Posts Tagged ‘america’
Rebirth of the Yuppie: Closing Decade to Shed some Light?
I was born pretty much immediately after the collapse of yuppie-dom in a sort of aftermath of the suburbanite cookie-cutter culture of the mid-20th century, so unfortunately I don’t have much to say about that… delicate period in American history. Driven by an obsessive desire for self-improvement spawned from the prosperous comfort of the 50’s and 60’s, the rise of the original yuppies was fueled by the consumption of the baby-boomer generation in an effort to escape the confines of Madison Avenue. But the crash in the late 80’s and the recession in the early 90’s triggered a contingency of doom and gloom for the yuppies of old, and the electing of George H. W. Bush into the White House appeared to be the final blow, landing Old Money as the clear and tested winner.
Well, that was then; this is now. The financial collapses of the late-20th century created a confusion that left the American identity struggling to figure out how to reconcile its modernist life quest with the value system of old, previously consummated by materialism and hedonistic consumerism. But after the dust had settled, a new void had appeared, replacing the old quest for Middle America with a free-floating search for a post-modernist value system.
It was clear that the suburbanite lifestyle once yearned for was not going to carry us into the 21st century, and as a result, a new era of consumerist, capitalist America was born. The internet eruption throughout the 90’s set the stage for a new form of value system set in cyberspace. The migration, or rather infiltration, of businesses into the internet world triggered a massive shift in American consumerist ideology, spawning waves of change in the traditional consumerist lifestyle. This change was what filled the void left by Middle America. The elite urban societies, what once traded comments about Italian suits and Chardonnay became hubs for the latest Blackberry and BMW. Cities transformed seemingly overnight into technological lightning rods. College graduates were not seeking the Plain Jane lifestyles of their parents, but instead were longing for duplexes in San Diego or an apartment in New York City, equipped with steel walls and metal floors and shiny appliances that saved the environment as they cooked and cleaned their organic foods and organic fabrics.
The new decade, though it is still a year and one day away, will bring to light the rebirth of the yuppie. Whether this time, yuppie-dom and its ensuing post-post-modern materialism and consumerism will thrive and survive credit-driving businesses and somehow subvert a financial meltdown, that is hard to say. Despite this uncertainty, it is clear that until the traditional American value system is reconciled with the values of the post-baby-boomer generation, the yuppie will never truly be dead.
Response: “From Russia with Loathing” by Cathy Young
It’s always easier to blame another for your own mistakes than it is to blame yourself. The tension between Russia and the United States is a result of this back-and-forth blaming game that needs to end before any sort of diplomacy can take place. Cathy Young attributes the tensions to “anti-american sentiment”, a “perceived threat to Russian security”, and Russia’s “post-cold war humiliation”. Although these are certainly contributions to the tension, I wouldn’t go so far as to say they are the primary cause.
Young seems to imply that if Russians would just one day stop hating America, that the state of our fragile relationship would be fixed.
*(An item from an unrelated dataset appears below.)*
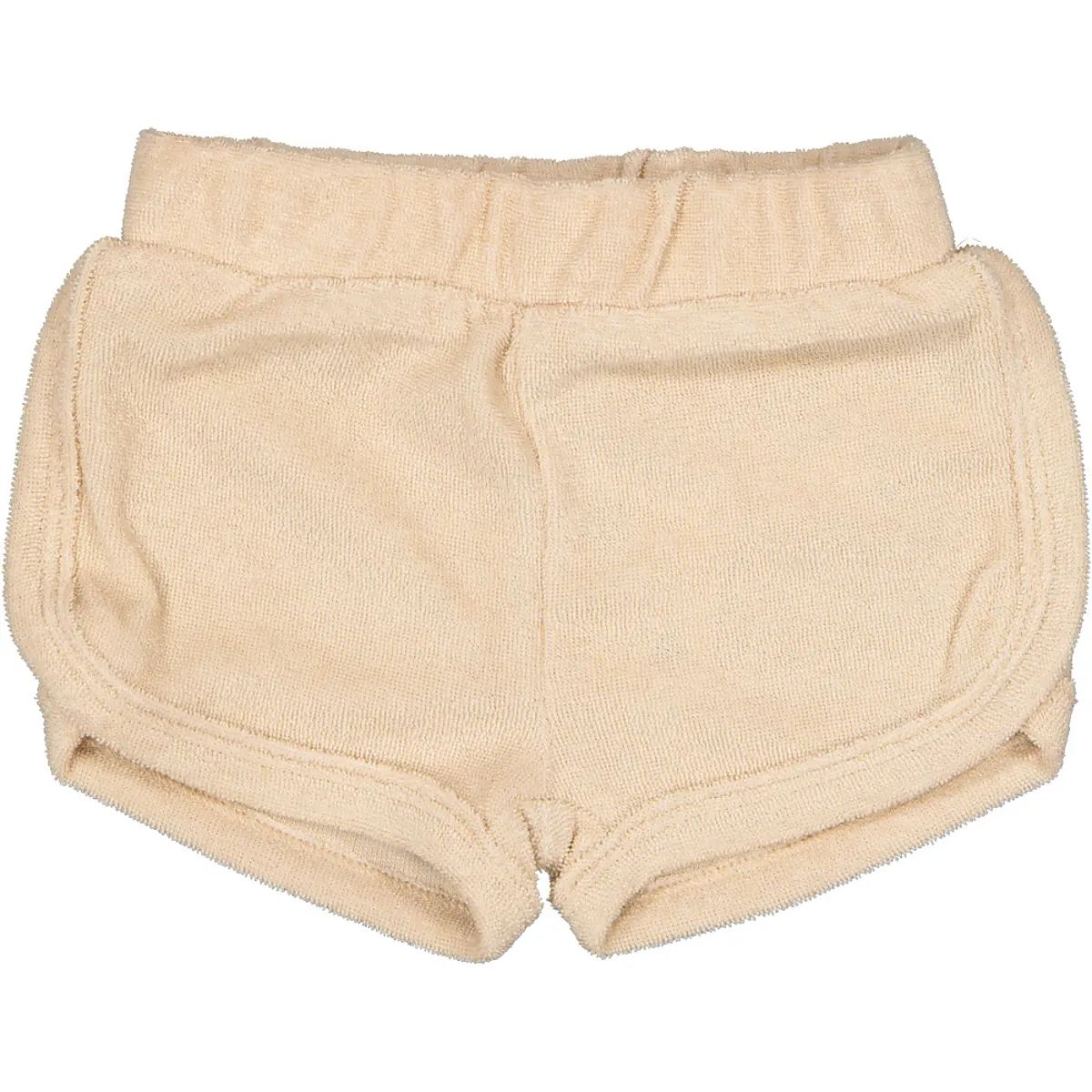 Shorts - Beige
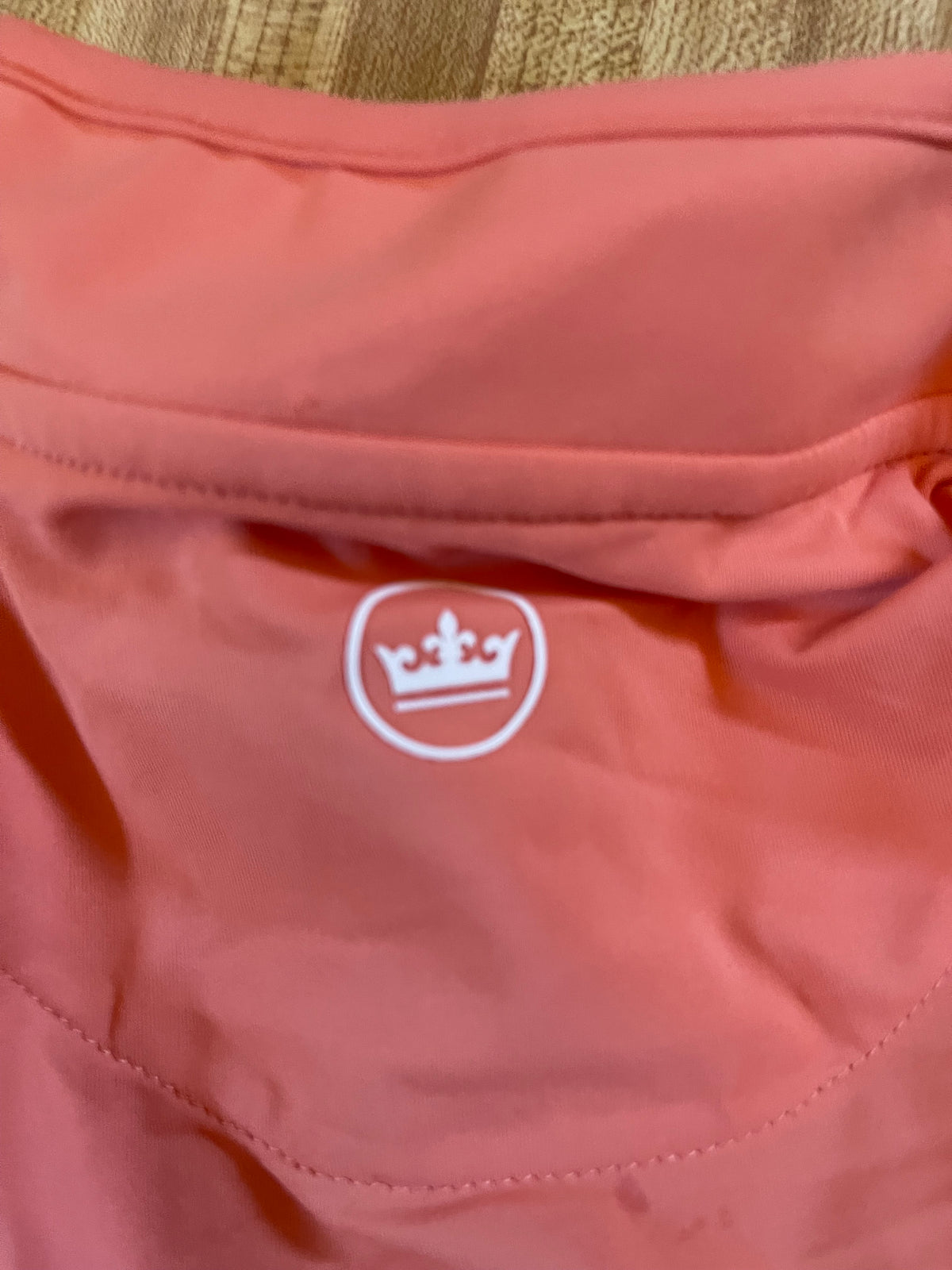 Peter Millar quarter zip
In the short term, this may be true, but after many years, we would find ourselves once again bickering over who’s to blame.
The cause of our tension is more fundamental. The West has never really taken the time to understand Eastern culture, and likewise for the East. I’ve never personally been to Russia, but I have been to China and Ukraine. In both of those countries, life is much different than over here in the States. The consumer mindset of buy, buy, buy does not exist in China and Ukraine to the same extent that it exists in the US. In the Ukrainian households that I stayed at while I visited the country, their clothes, furniture, and overall decor were fascinatingly simple, clean, and gave me a sense of purity. The families all seemed to take so much pride in their belongings, giving me a sense that they were deeply appreciative of everything they had. In America, I feel like that sense of pride and appreciation is somewhat lost. Bombared by television ads and water-cooler chats about the latest gadgets and electronics, we have become an unsatiable monster, constantly desiring the latest and greatest to come out of the factories.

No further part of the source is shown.